WHAT YOU ARE ASKED TO DO - Locate the line containing "Serene Peaks Courtyard" in the entries below, then retype it and every later line exactly, leaving out pictures.

:: GIVEN RECORDS ::

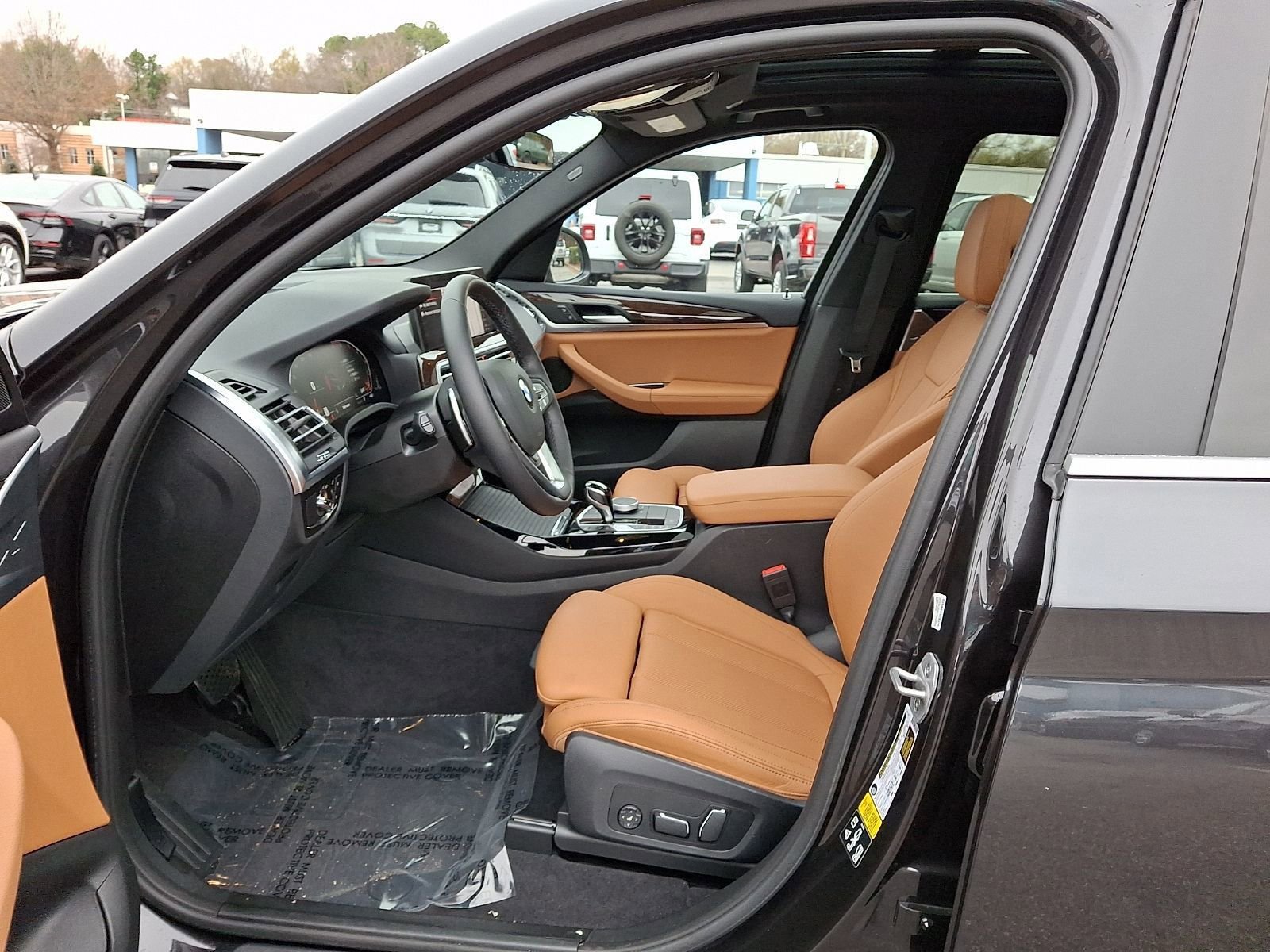 Used 2024 BMW X3 xDrive30i w/ Premium Package w/ZPA image 14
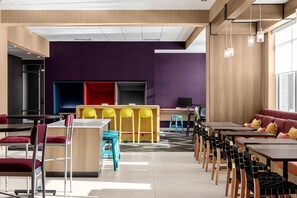 包含每日自助早餐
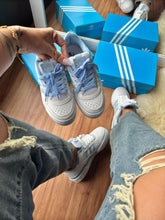 Carregar imagem no visualizador da galeria, Tênis Adidas Forum Low - Branco/Azul
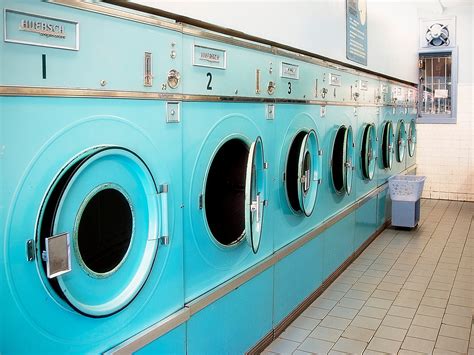 Gallery 5 - laundromats - Lorie Slater Photography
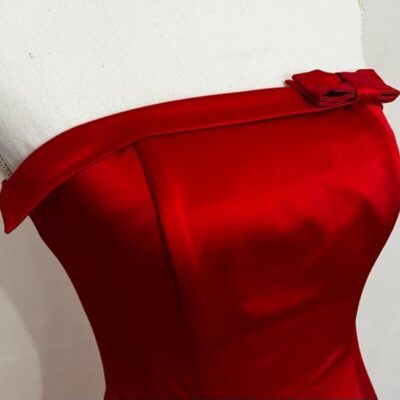 Rochie dreaptă cu corset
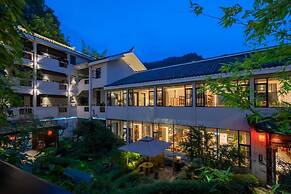 Serene Peaks Courtyard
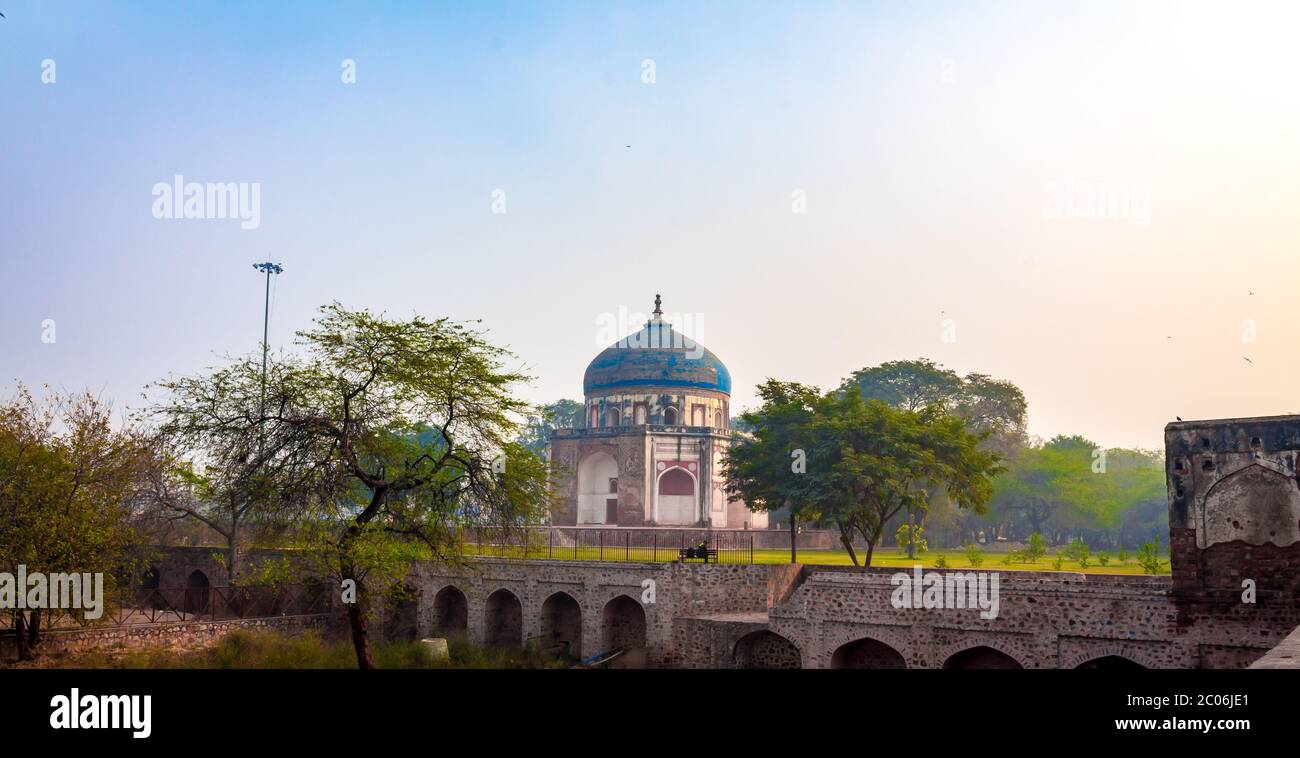 Tomba di Humayun a Nuova Delhi, India - viste maestose del primo giardino-tomba nel subcontinente indiano. La tomba è un ottimo esempio di atto persiano. Foto Stock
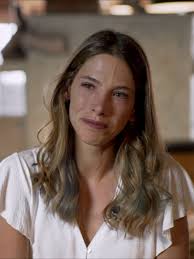 Natalia llora de impotencia al sentir que Alex le roba su idea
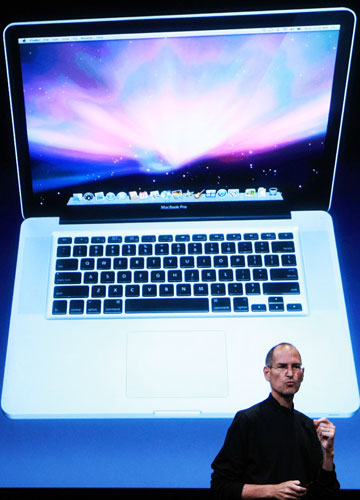 Media 100: Apple CEO Steve Jobs discusses a new version of the MacBook Pro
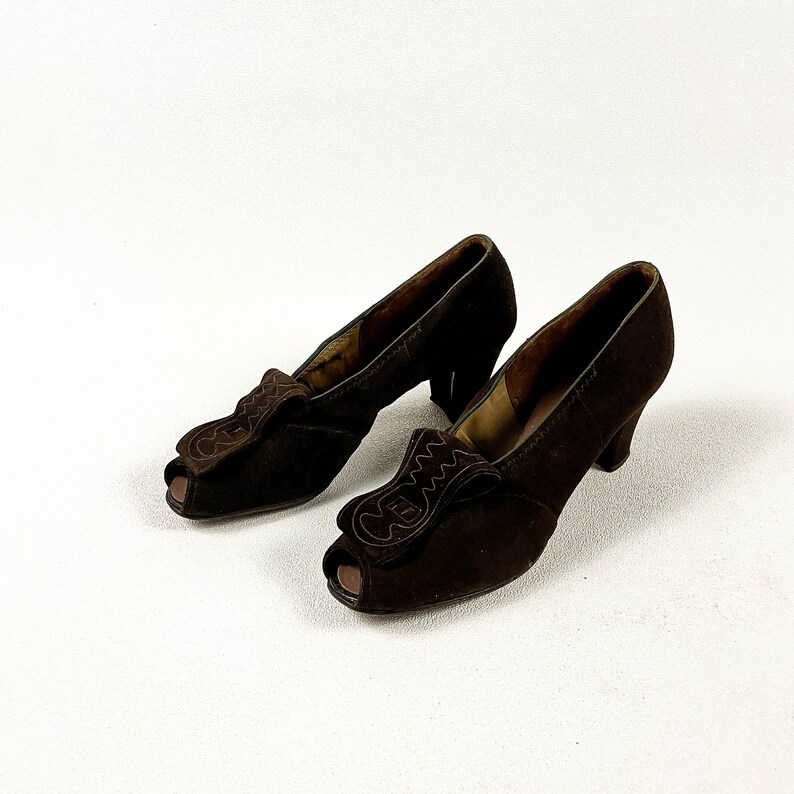 1940s Brown Suede Pumps / Decorative Art Deco Detail / Embroidery / Tongue / Size 8 / Leather / Pin Up / ww2 / Vintage Pumps / Peep Toe / image 4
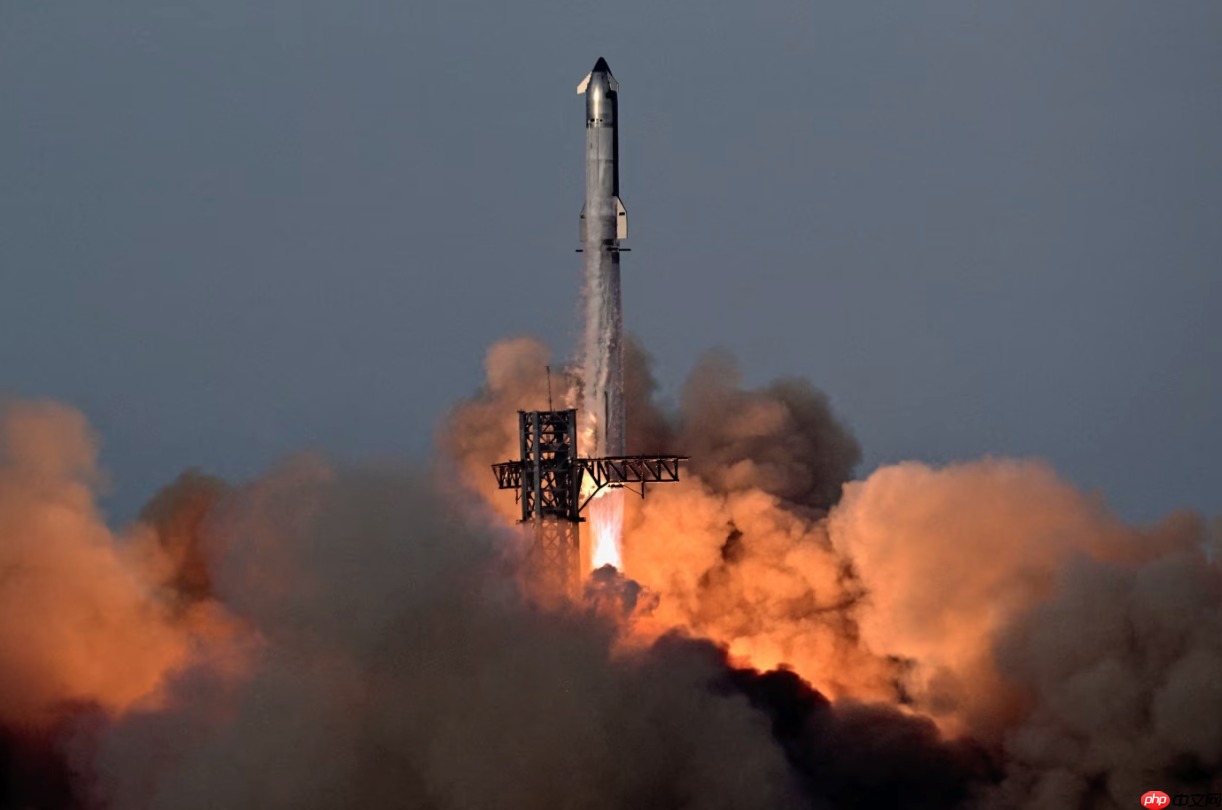 SpaceX 真要上市了：消息称已开始挑选投行，为 IPO 担任顾问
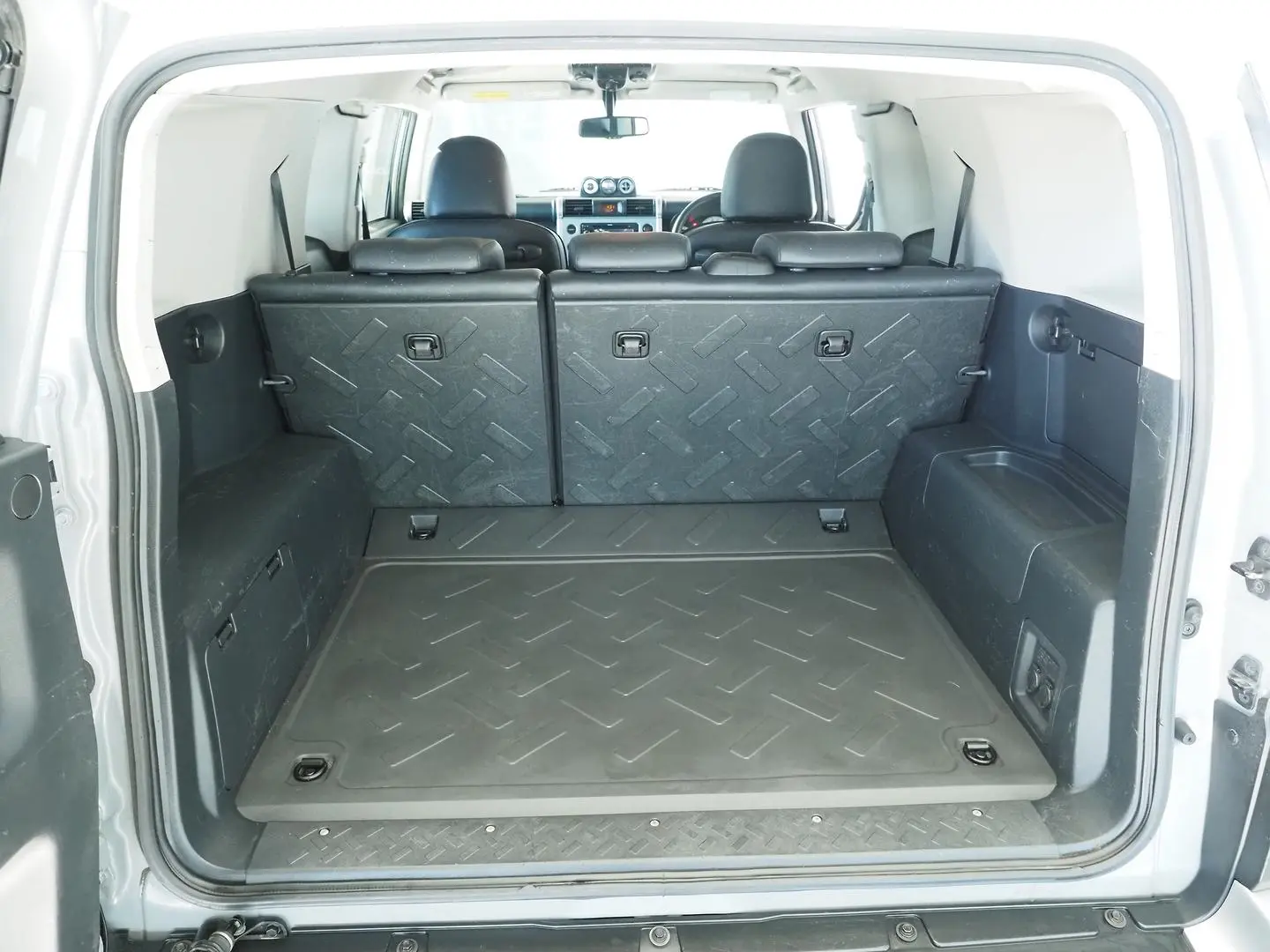 2013 Toyota FJ Cruiser Gallery Image 5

:::

ANSWER AREA -
 Serene Peaks Courtyard
 Tomba di Humayun a Nuova Delhi, India - viste maestose del primo giardino-tomba nel subcontinente indiano. La tomba è un ottimo esempio di atto persiano. Foto Stock
 Natalia llora de impotencia al sentir que Alex le roba su idea
 Media 100: Apple CEO Steve Jobs discusses a new version of the MacBook Pro
 1940s Brown Suede Pumps / Decorative Art Deco Detail / Embroidery / Tongue / Size 8 / Leather / Pin Up / ww2 / Vintage Pumps / Peep Toe / image 4
 SpaceX 真要上市了：消息称已开始挑选投行，为 IPO 担任顾问
 2013 Toyota FJ Cruiser Gallery Image 5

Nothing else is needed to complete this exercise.